Seth’s definition of ‘architecting’ is very closely aligned to what I’ve termed ‘design with intent’: strategic design intended to result in certain user behaviour. My definition’s a bit narrower, probably, with the focus on influencing user behaviour, techniques for doing that, and the rights and wrongs of it, but there’s a big parallel there. The key thing is that both architecting and designing with intent are deliberate (and often deliberative, too, in the Aristotelian sense - thanks to Kristian Tørning for this point). There is some reasoning, some intended outcome, driving them. As we’ve seen before, not everyone likes the term ‘architecture’ (or ‘architectures’) being used outside the pure building and environmental design context. But it’s useful because it clearly implies the planned, deliberate nature in a way that, say, ’structure’ doesn’t necessarily.

Of course, many designers, especially interaction designers, would argue that they always design ‘with intent’ anyway. They’re always ‘architecting’: considering the relations between system behaviour, user behaviour, users’ goals, and so on is the very basis of the human-centred/user-centred turn in design. But that doesn’t negate Seth’s point: ‘design’ does have a lot of aesthetic baggage. It may be useful - and persuasive - baggage sometimes, but it can serve to mask what design really is, or what it can be.

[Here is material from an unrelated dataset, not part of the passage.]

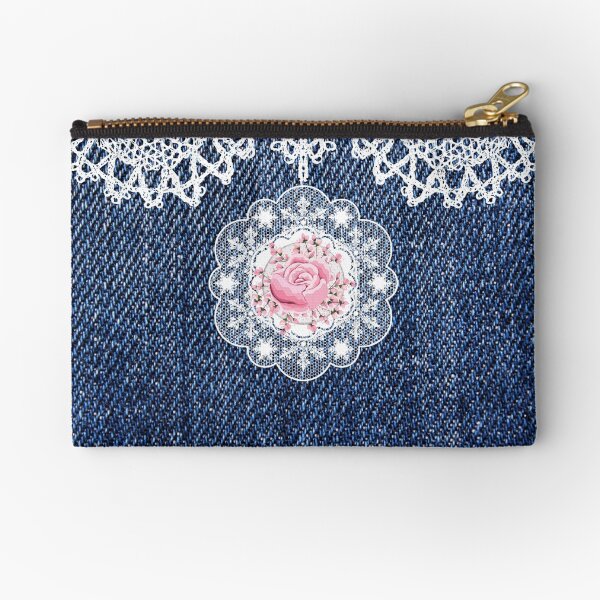 Item preview, Vintage Lace on Denim Pink Rose designed and sold by SloganExpress.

Seth’s final point draws a number of other aspects together:

Architecture, for me anyway, involves intention, game theory, systems thinking and relentless testing and improvement. Fine with me if you want to call it design, just don’t forget to do it.

Based on my research so far, I think we need to add ecological psychology and behavioural economics to that list, at the very least.

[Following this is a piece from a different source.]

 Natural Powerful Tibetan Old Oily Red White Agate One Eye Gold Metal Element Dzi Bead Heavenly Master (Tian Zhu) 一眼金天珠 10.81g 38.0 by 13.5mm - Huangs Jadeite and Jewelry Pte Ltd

3 Responses to “Architecting and designing”


  1. 1 Jerome Gravel-Niquet

    I definitely think there’s a difference between design and architecture, but both are not mutually exclusive. As a good “graphic” web designer can create beautiful interfaces which are intuitively well built which regards to user experience. As a good “architect” web designer can also plug in beautiful graphics on his wireframes.

    Great read, I never actually thought about this… but it reminds me of the time I was a web designer with only the beauty of a website in mind.

  2. 2 None of 3

    What happened to the site earlier? It seemed to have been defaced — deleted completely except for a single sentence of technobabble.

  3. 3 Anonymous

    I completely disagree, I think we have just described the use of the verb ‘engineer’.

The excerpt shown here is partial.